Apparent RSS memory leak in repeated merge_insert caused by glibc per-thread arena fragmentation

## Title

`merge_insert` in a loop causes unbounded RSS growth on Linux due to glibc arena fragmentation.

## Summary

When calling `ds.merge_insert(...).when_matched_update_all().execute(table)` repeatedly in a long-lived process (e.g., a Ray driver doing ~1000+ flushes), the process RSS grows monotonically at ~5–7 MB per iteration, eventually reaching 40+ GB and triggering OOM on our production cluster. This looks like a memory leak in lance's Rust layer but is actually caused by glibc's per-thread arena fragmentation.

## Environment

- **OS:** Linux (glibc 2.35+)
- **pylance:** 7.0.0
- **Python:** 3.12
- **Workload:** Long-running single process doing 1000+ sequential `merge_insert` commits against a 14M-row dataset (1518 fragments)

## Root Cause Analysis

pylance links against the system glibc malloc (no custom allocator). The tokio multi-thread runtime spawns N worker threads. Under glibc, each thread that calls `malloc` gets its own arena (up to 8 × nCPU arenas by default).

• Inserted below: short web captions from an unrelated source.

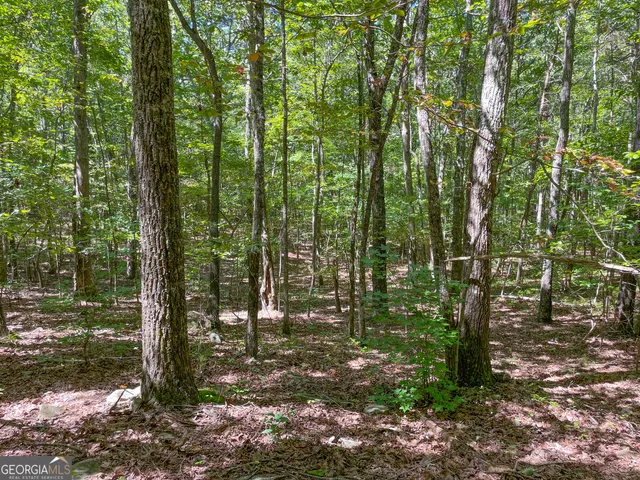 $299,500 | 38 Acres On Ga Hwy 157, Menlo, GA 30731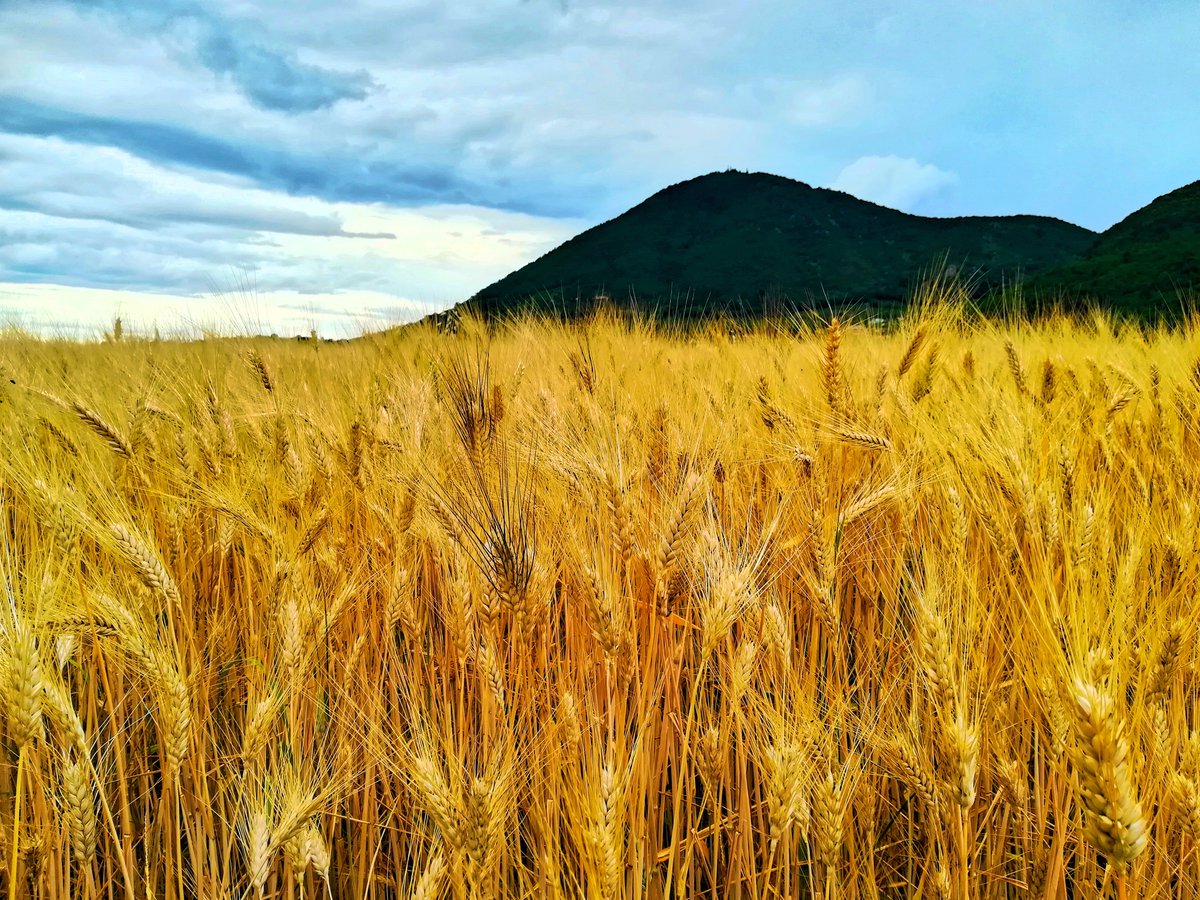 FloraGreenFauna's tweet photo. #campiagricoli #passeggiata #natura #veneto #naturephotography #naturelovers #walk https://t.co/yhBW0gAtft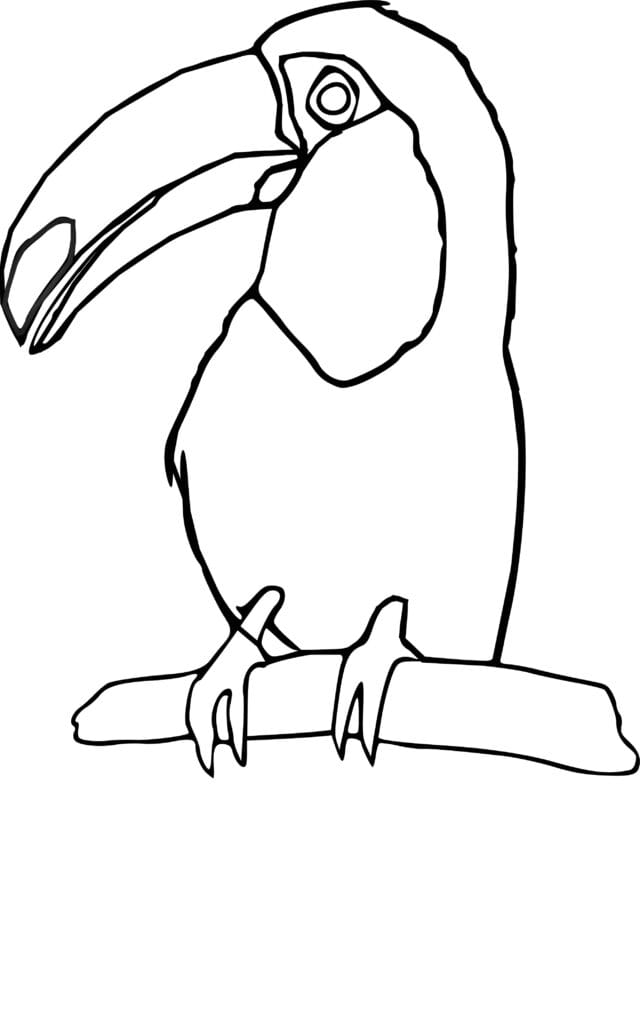 How to draw a toucan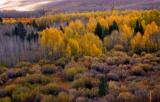 Fall color near Conway Summit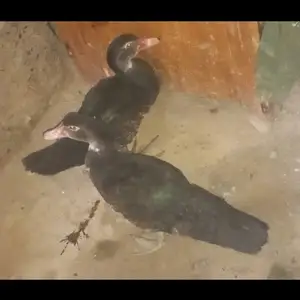 Индоутка, Панҷакент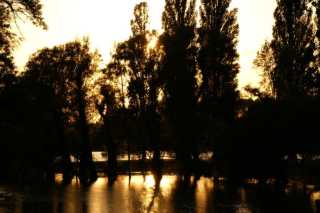 PICT0083.JPG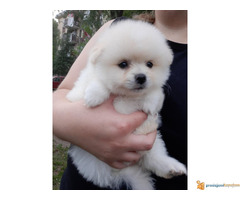 POMERANCI SPIC stenci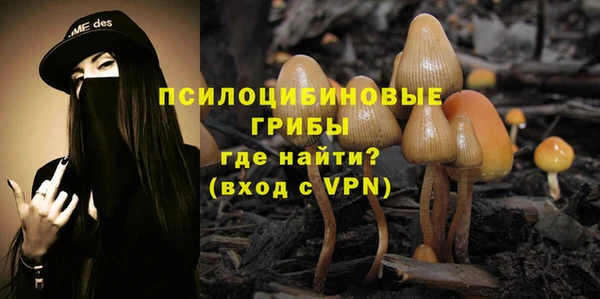 соль ск Алексин
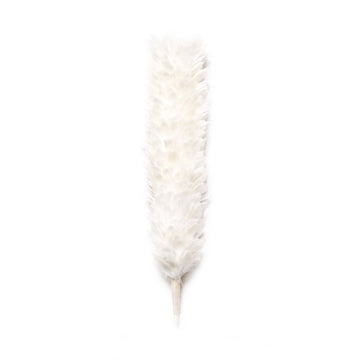 house-of-scotland-feather-hackle-white-color-12-inches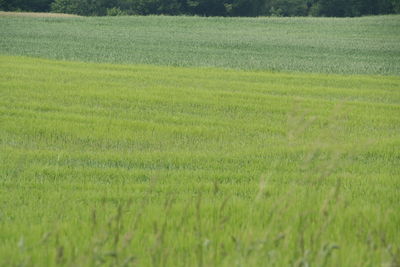 Scenic view of agricultural field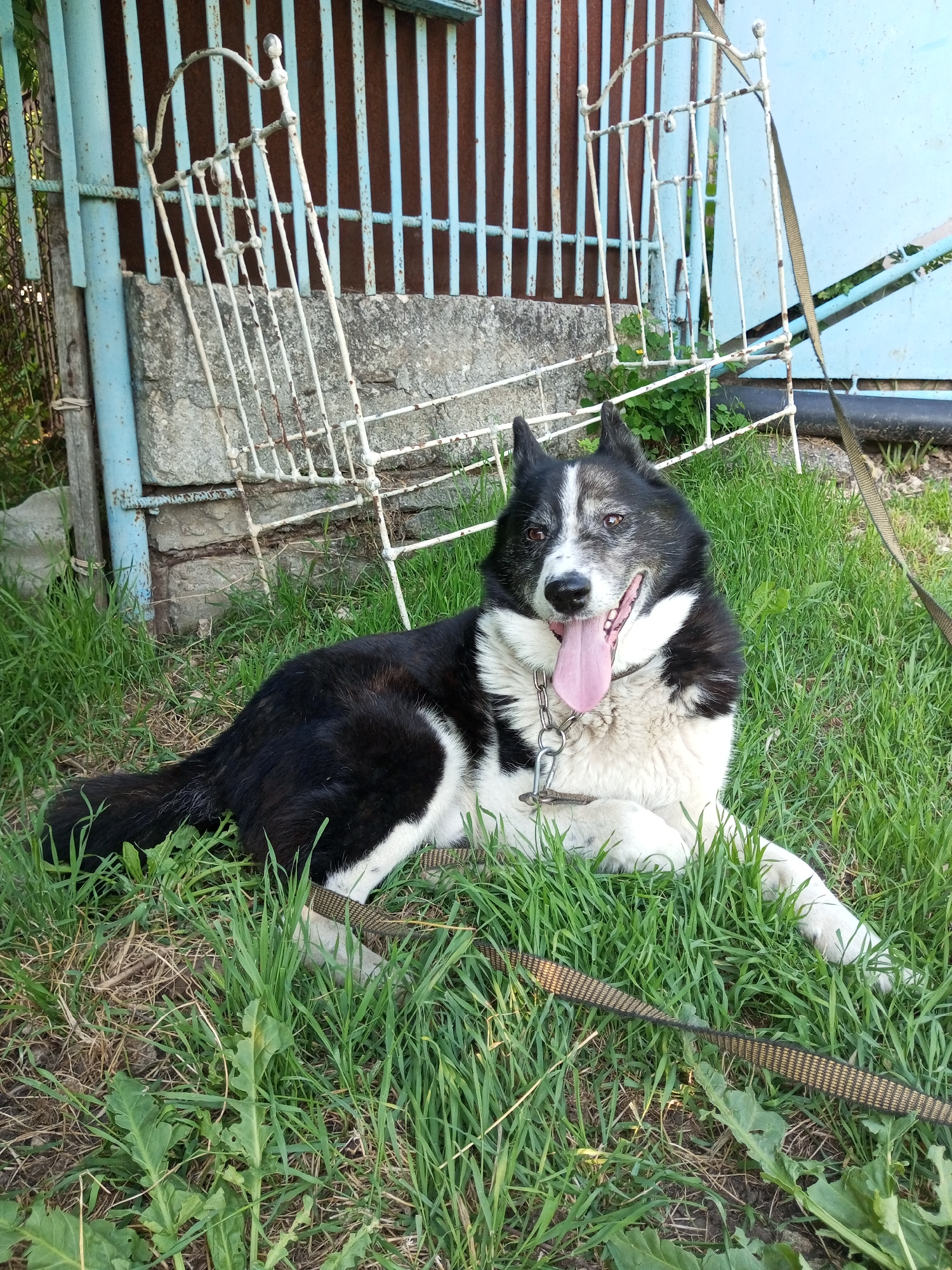 A black and white dog is lying on green grass in the city of Ароматновское сельское поселение, Ukraine. The dog is panting with its tongue out. It is wearing a metal chain collar and a brown and black leash. In the background, there is a rusty metal fence and a blue gate. The scene is lit by natural sunlight.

Each `merge_insert` execution triggers DataFusion's hash-join and fragment-write logic on tokio worker threads, which allocates several MB of temporary buffers. After execution, Rust properly `free()`s all of it — but glibc does not return freed pages from per-thread arenas to the OS. `malloc_trim(0)` only trims arena 0 (main thread), leaving the other arenas bloated.

### Evidence (using `mallinfo2` to decompose the heap)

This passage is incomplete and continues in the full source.